● **Aim of the exercise**
Exact copies of the lines below are the goal; any images in them are dropped.

● **Dataset section**
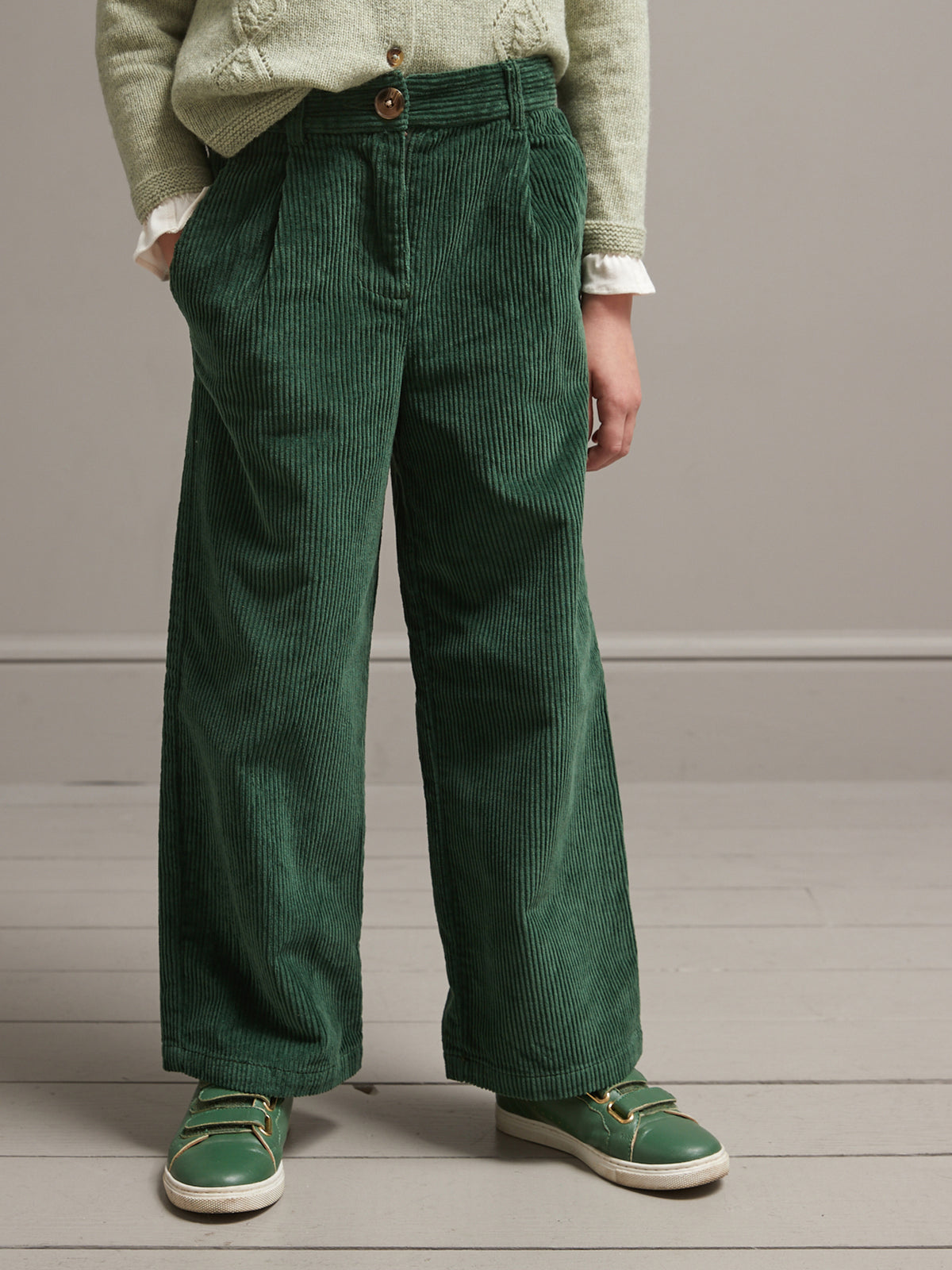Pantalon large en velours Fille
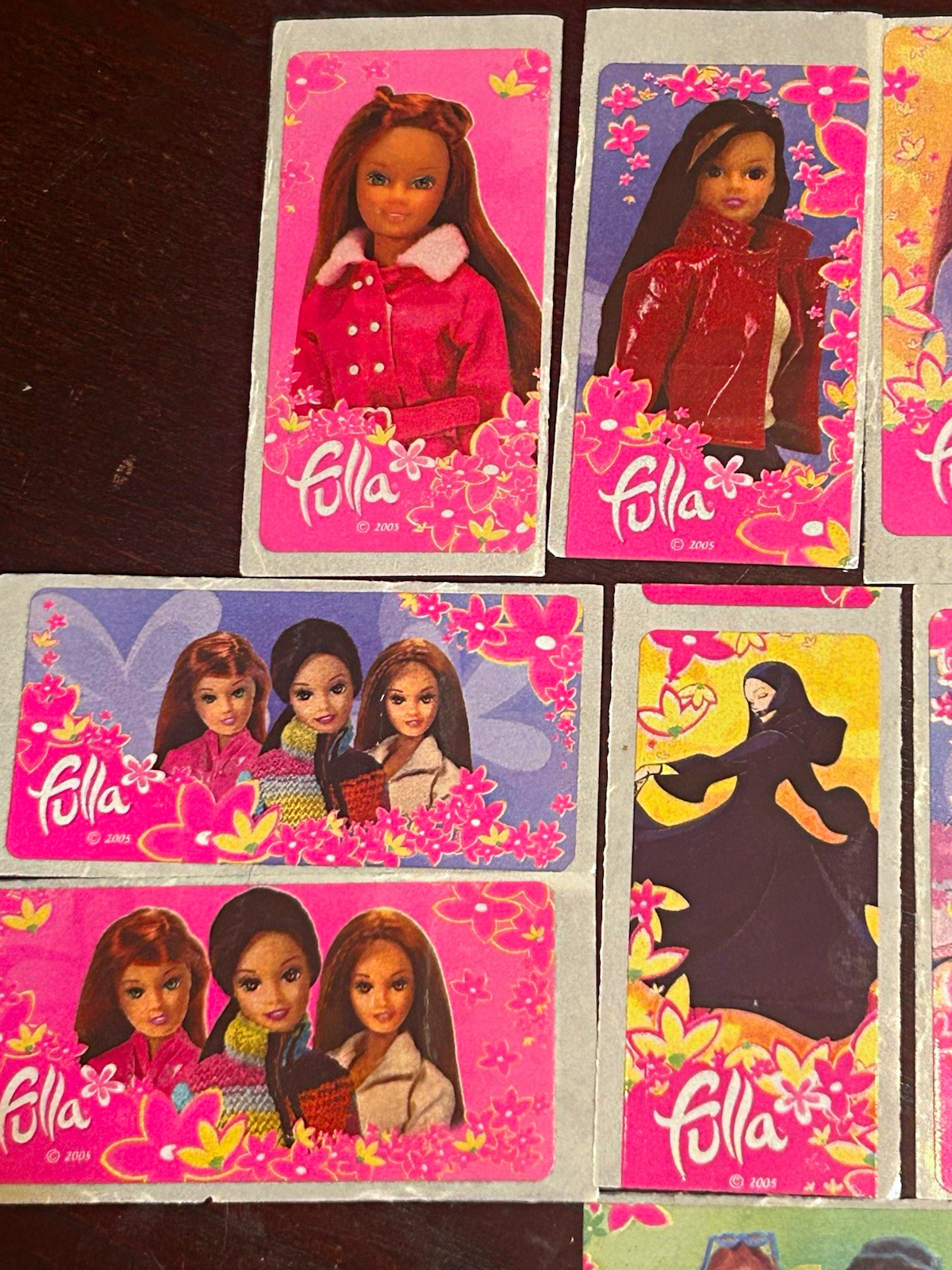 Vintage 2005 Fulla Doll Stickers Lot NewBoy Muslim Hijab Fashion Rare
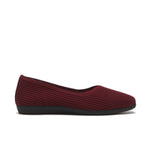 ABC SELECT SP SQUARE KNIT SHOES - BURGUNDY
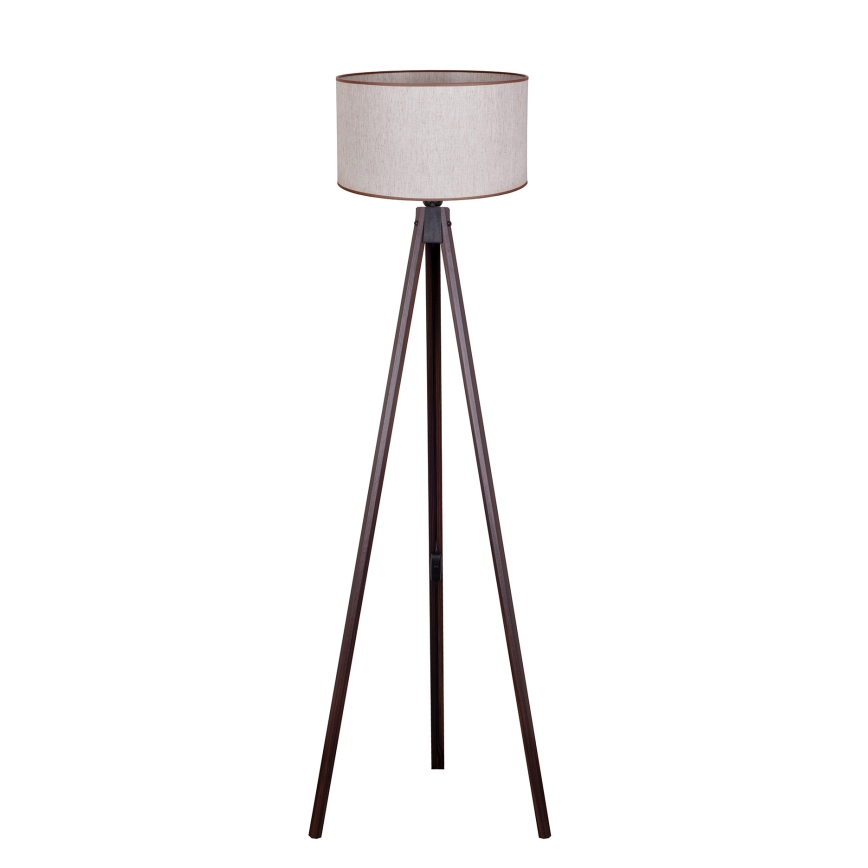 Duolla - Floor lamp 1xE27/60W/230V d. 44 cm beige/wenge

● **Response to this task**
Pantalon large en velours Fille
 Vintage 2005 Fulla Doll Stickers Lot NewBoy Muslim Hijab Fashion Rare
 ABC SELECT SP SQUARE KNIT SHOES - BURGUNDY
 Duolla - Floor lamp 1xE27/60W/230V d. 44 cm beige/wenge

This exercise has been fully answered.